Aquí se aprecia un poco mi pinta de mochilero. Yo estaba totalmente metido en el personaje de aventurero, según mi perspectiva. Esta foto la publiqué en Instagram uno o dos días después desde un hotel en el que me quedé y tenía wifi.
Caminamos por el centro con el montón de maletas (yo, porque Federico se llevó apenas un morral un poco más grande que el mío con tan pocas cosas, que uno creería que llevaba solo agua), en pleno sol, y pendientes de los grupos de tres o cuatro jóvenes con pinta de hampa seria que pasaban y nos observaban curiosos. Viendo mi cara de nervios, Federico se acercó y me habló en voz baja pero con firmeza. “Tienes que dejar de actuar como una princesa Disney”. Yo lo miré refutando. Su punto era que, si no quería que nos robaran, tenía que poner, digamos, más cara de malandro. Le reclamé que no era ninguna princesa, pero, ahora que lo pienso, de verdad me veía bastante robable, y hasta torpe a su lado. ¿A quién engaño? Al lado de cualquiera soy una princesa; no por nada me agarró el señor que me alquilaba la habitación en Caracas cantando temas de "Blancanieves" y "La Cenicienta" mientras lavaba ropa. Mantuve silencio e hice caso. Lo intenté. Arrugué la cara.
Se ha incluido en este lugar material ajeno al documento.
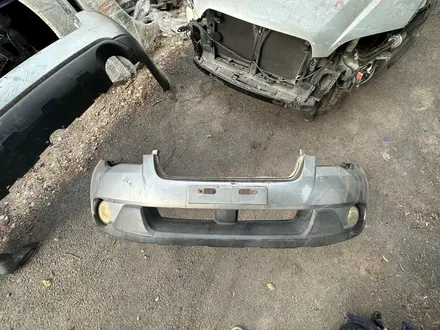 Передний бампер Subaru Outback bp рестаил за 70 000 тг. в Алматы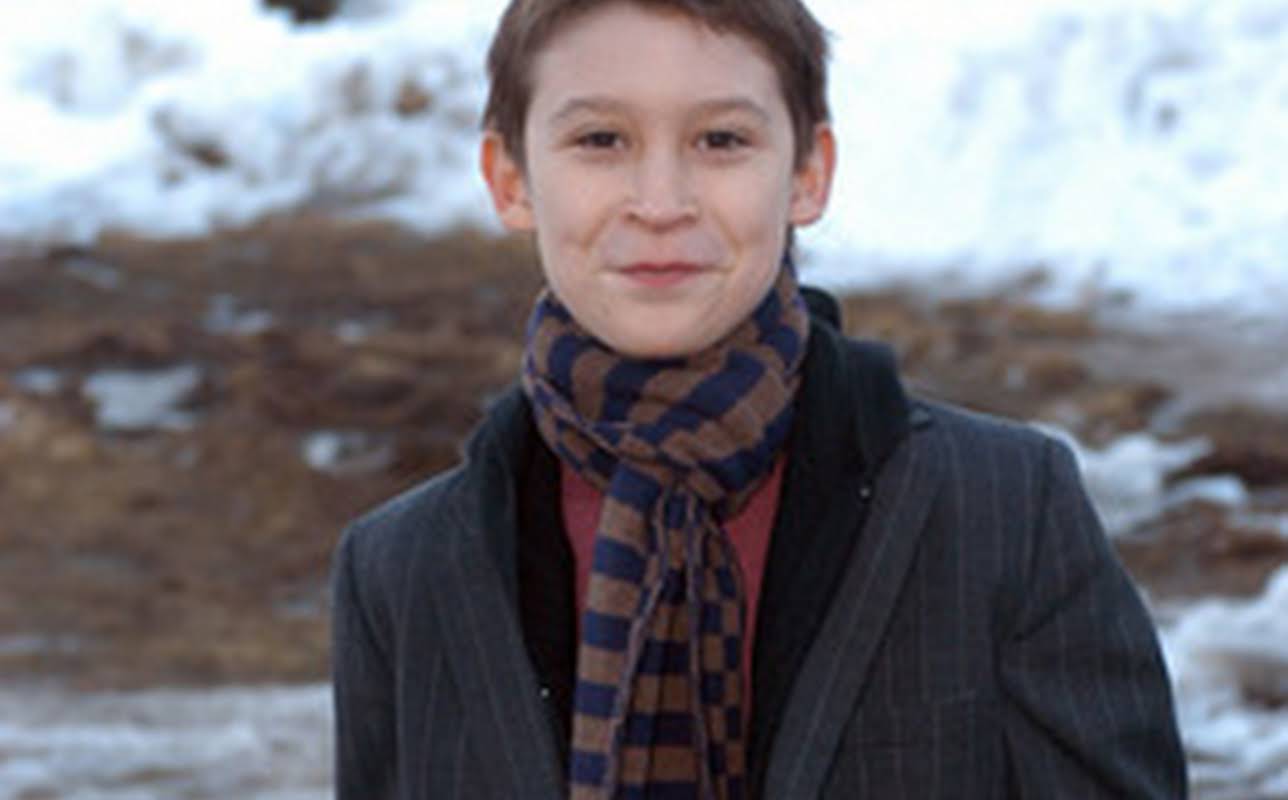 Owen Kline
En una de las aceras del centro, un grupo de evangélicos que vendían sopa “en el nombre del señor” nos dejaron hacerles compañía para no estar solos. No viene al caso, pero no se me olvida como vendían la sopa: “Sopa. A tomar sopa y recibir la bendición del señor se ha dicho. La sopa. Lleve la sopa en el nombre de cristo. Lleve la bendición de dios a su estómago”. Me sentí mala gente porque me regalaron un plato de sopa, pero no pude evitar cagarme de la risa apenas nos fuimos.
Aproximadamente a las diez de la mañana encontramos un local donde raspar las tarjetas. Nos dieron todo en billetes de 20. No le prestamos mucha atención a eso porque ya los íbamos a cambiar. Y de ahí tomamos los carros por puesto que salen desde una de las plazas del centro y llegamos hasta la frontera. Sellamos los pasaportes con la salida y vimos que había que caminar unos cuatro kilómetros bajo el terrible sol que estaba haciendo hasta el punto de control de Brasil. Suspiré, agarré mi maleta de rueditas y mis dos bolsos y empezamos a caminar. “Esa maleta no llega a buenos aires”, me decía el idiota de Federico, mientras caminábamos bajo el sol; yo no le hacía caso, pero tenía miedo de que tuviera razón.
Este exactamente el punto medio entre una estación y otra, separadas por unos cinco o seis kilómetros. Aquí tengo mi maleta y mi bolso negro, el morral morado estaba a un lado. Y esa cantimplora es de Federico, pero quería completar la imagen.
A mitad de camino había vendedores ambulantes que cambiaban las monedas. Lo que no sabíamos es que no les gusta tomar billetes de baja denominación, y eso les baja el valor. Los bolívares que teníamos fueron unos cincuenta reales cuando mucho. Seguimos caminando hasta la entrada. Ahí solté un poco de lo que me dejó el llano y le grité a Federico, pronunciando las eses como jotas “bueno, como dicen en Barinas: a ponerse las alpargatas, ¡que lo que viene es joropo trancao’!”. A todas estas, no sé si lo dicen, pero me salió natural.
Esta es una banda venezolana que me encanta. No sólo porque los conozco, sino porque en serio hacen música muy sabrosa y de calidad. En el viaje iba pegado escuchando sus temas promocionales. Este en particular hace una crítica (o al menos así lo interpreto yo) a lo que está pasando en el país. Me pareció perfecto para describir lo que vi en Santa Elena de Uairén: "El que no tenga peñero en esta vaina se va a ahogar". Y sí que habían varios peñeros en el pueblito.